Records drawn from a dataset
*** Begin section ***
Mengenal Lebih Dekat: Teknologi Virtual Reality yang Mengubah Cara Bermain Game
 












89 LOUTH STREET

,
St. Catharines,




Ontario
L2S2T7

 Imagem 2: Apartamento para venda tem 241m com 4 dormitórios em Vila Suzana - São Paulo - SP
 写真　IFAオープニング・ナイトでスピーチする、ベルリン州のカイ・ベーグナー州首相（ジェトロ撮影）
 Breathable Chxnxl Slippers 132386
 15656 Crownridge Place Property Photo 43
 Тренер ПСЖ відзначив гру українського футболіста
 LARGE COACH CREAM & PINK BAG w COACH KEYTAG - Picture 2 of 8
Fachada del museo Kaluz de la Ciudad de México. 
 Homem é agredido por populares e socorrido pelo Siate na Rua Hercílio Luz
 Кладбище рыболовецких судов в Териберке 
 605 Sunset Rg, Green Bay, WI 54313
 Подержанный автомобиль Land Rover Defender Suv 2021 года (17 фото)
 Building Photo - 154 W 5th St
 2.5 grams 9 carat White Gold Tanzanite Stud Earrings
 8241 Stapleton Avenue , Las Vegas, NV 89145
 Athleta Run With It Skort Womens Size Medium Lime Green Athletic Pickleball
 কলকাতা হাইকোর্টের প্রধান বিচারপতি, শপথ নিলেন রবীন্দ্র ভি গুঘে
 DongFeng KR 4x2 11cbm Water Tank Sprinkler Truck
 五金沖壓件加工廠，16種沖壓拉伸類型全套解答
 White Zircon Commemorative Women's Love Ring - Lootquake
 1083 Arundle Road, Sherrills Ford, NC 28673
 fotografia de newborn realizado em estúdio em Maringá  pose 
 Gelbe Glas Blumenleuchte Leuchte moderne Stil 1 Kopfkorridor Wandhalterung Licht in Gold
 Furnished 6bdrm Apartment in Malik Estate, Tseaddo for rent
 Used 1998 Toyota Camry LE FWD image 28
*** End section ***
WORK INSTRUCTIONS:
Which lines of the data include the string "White"? Find them and copy each one.

WRITTEN SOLUTION:
 2.5 grams 9 carat White Gold Tanzanite Stud Earrings
 White Zircon Commemorative Women's Love Ring - Lootquake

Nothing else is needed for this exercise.